In Search of ODKF - July'18
It was June of 2017, when I had been on my first full-fledged photography tour. This was macro special tour with Vihang.
And while on that tour, I came across this term “ODKF”. I had no clue what the full form was but didn’t even have the courage to ask for it (thinking I might be the only one not knowing it in that group). Very close to our stay, there was a nest of this ODKF and experts like Yuwaraj (the authority in India on Macro photography) were very keen to have a look at it.
On the next morning, we were on the way for breakfast and the road passed thru the supposed-to-be ODKF’s nest. By the way, by then I had managed to know the full form as “Oriental Dwarf Kingfisher”. And also had gained the knowledge that it is probably the smallest of all kingfisher varieties in India and is very colorful. To be very frank, I had only been aware of one Kingfisher bird that was made famous by Vijay Mallya. So all of that was news to me
Abhay Kewat (another brilliant photographer) was with us and he alerted us about possible entry of the ODKF. He asked us to remain silent as he had heard the call and was sure it would come on the scene anytime. Although he sounded very confident, I had not heard anything different and my hunch is even others had no clue what he was talking about.
But within a few seconds, it did make entry on the perch near its nest. We all tried to take pictures with whatever cameras that we had. None of us was ready with tele-zoom lenses as we were on a macro photography tour. I tried to take a few snaps using my point-n-shoot camera but those were meagerly record shots.
One other group was there especially for ODKF and they were ready with tripods and long lenses; we had to satisfy ourselves by looking at their camera screens (दुधाची तहान ताकावर).
During that tour and also for next couple of months, I kept hearing about ODKF and lot of my friends did mention about Nandu Tambe in Chiplun being the best person to help. Those were my early days in photography and I could not manage to do any tour there. Come September, the season was already over and I hoped to catch it next year!
In June this year (2018), we were again on Macro photography tour to Phansad. This time we were well aware of the nest location and the possibility of the same nest being used was very high
Once again on Sunday morning, we managed to get a quick photo of the ODKF making round of the nest area (possibly rebuilding the nest-hole). This was promising but it also meant we would have to make another trip here once the eggs are hatched and the feeding activity begins.
Within 3 weeks, we actually made another trip to Phansad. This time we were only 5 of us and focus was ODKF. So we were well prepared with the zoom lenses as well as tripods. Very confident about taking good photos as we had already seen the activity around the nest last time.
It was raining heavily all thru that week-end but that has no impact on ODKF anyway. It migrates to Kokan region especially in this season, so rain makes no difference to it. That day, there weren’t any other groups in Phansad, so we had all the field to us.

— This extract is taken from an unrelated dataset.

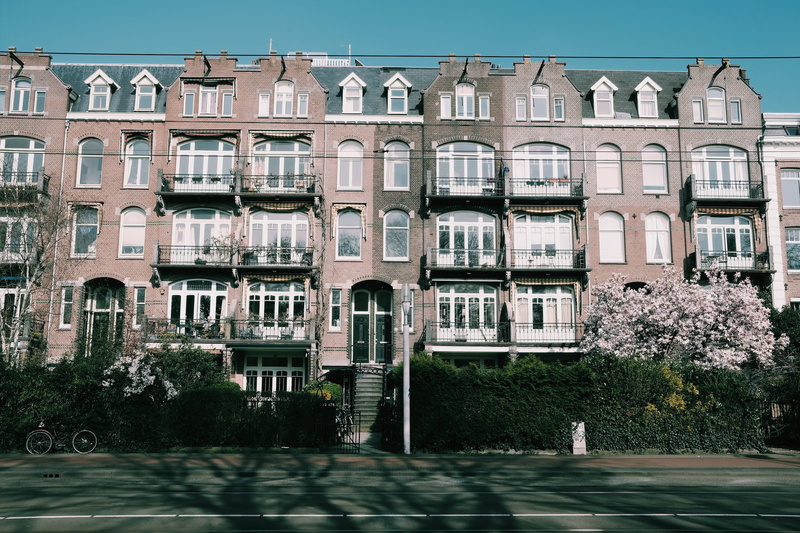 apartment, amsterdam, netherlands, city, nature, plant, water, home decor, building exterior, neighborhood, architecture, housing, oldtown, urban, sky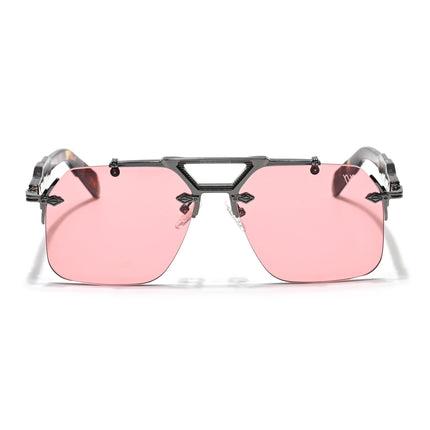 Hawk | Red Wayfarer Sunglasses | Grey Frame - MG5879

Through the day, we kept a close watch on the nesting site but couldn’t see it even once. By close of day, our disappointment was apparent. Besides that, the rain didn’t allow us any major macro outings either.
Next morning, we took help of locals and managed to find 2 more possible nesting sites in other part of the jungle. After breakfast, we split in 2 groups and kept watch on these additional sites. Besides that we had made rounds to the original site as well. In all this the rain was incessant but we were determined to get good photos. By 12 noon our hopes were diminishing very fast, we continued to maintain our vigil at the main site till 2pm but there was absolutely no sign of the bird!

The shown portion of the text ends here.